Si è svolta oggi, presso la commissione affari istituzionali della camera dei deputati, l’audizione informale e contestuale dei rappresentanti di associazioni di imprese operanti nel settore e di organizzazioni interessate alla disciplina oggetto dello schema legislativo recante attuazione della direttiva 2008/51/Ce del parlamento europeo e del consiglio, del 21 maggio 2008, che modifica la direttiva 91/477/Ce del consiglio, relativa la controllo dell’acquisizione e della detenzione di armi (atto n° 236). Erano presenti e hanno parlato: Ranieri De Maria (Anpam), Mauro Vignola (Anpp), Edgardo Fegro (Assoarmieri), Pierangelo Pedersoli (Cab), Livio Alessio (Fidc), Gianfranco Manfredini (Fisat), Nicola Miriano (Fitav), Giuseppe Evola (Enalcaccia-Face), Ernfried Obrist (Uits).
I presenti hanno sviscerato tutti gli elementi penalizzanti e inutili della bozza di decreto. Il relatore Pierguido Vanalli (lega Nord) ha ringraziato per i contributi, alcuni dei quali già oggetto di valutazione da parte del ministero, e rassicurato sul recepimento delle aspettative. Il deputato Carlo Nola (pdl) ha sottolineato una delle tante incongruenze e sul quale il ministero non ha saputo fornire risposta: la definizione di munizioni “per pistola”. Manfredini di Fisat ha ringraziato per il tempo concesso per spiegare le ragioni dei cittadini onesti, appassionati di armi, sulla bozza di decreto che prevede decine di disposizioni che nulla hanno a che vedere con la Direttiva europea. Ha poi ricordato che quando le armi saranno completamente vietate solo i criminali potranno possederle…

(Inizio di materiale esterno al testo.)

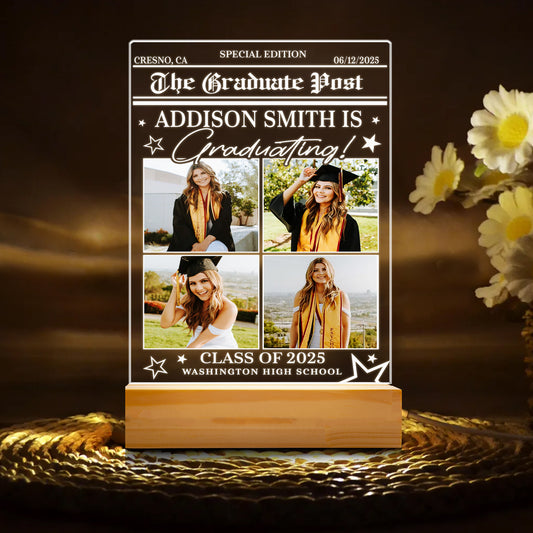 Graduation Night Light Gift with Photo, Personalized Graduate Frame, Senior Keepsake, Highschool or College Celebration Plaque (GNL-29)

Ecco le principali contestazioni mosse alla bozza di decreto e, in fondo alla pagina, il link al comunicato stampa pubblicato dall’Anpam.
Intermediario d’armi
Figura la cui introduzione si spiega solo con l’errata traduzione del termine inglese “broker” e che trova riferimento esclusivamente con le armi militari (non a caso “weapon”).
Strumenti riproducenti armi
All’articolo 5 della bozza di decreto si introduce il concetto di “strumenti riproducenti armi”. In questa categoria si trovano quelli che oggi sono considerati giocattoli per il Soft air e le scacciacani, assolutamente di libera vendita. Si prevede ora l’obbligo di “rimpicciolirle” del 20 per cento rispetto agli originali e per le soft air che non abbiano parti in metallo. Il Soft air è praticato in Italia da alcune centinaia di migliaia di persone, riconosciuto dallo Csen-Coni, le air soft gun impiegate sono per la maggior parte importate e hanno parti essenziali in metallo per sparare pallini in plastica che risultano del tutto innocui. È un gioco di simulazione che prevede che tali giocattoli debbano pur rappresentare armi. La limitazione che si vuole introdurre si trasformerà in un divieto totale perché renderà impossibile la reperibilità sul territorio italiano di tali giocattoli perché i produttori esteri non fabbricheranno mai repliche per il solo mercato italiano. L’Italia è invece produttrice delle cosiddette scacciacani, in circa 300 mila esemplari all’anno e la limitazione imporrebbe oneri significativi ai loro danni.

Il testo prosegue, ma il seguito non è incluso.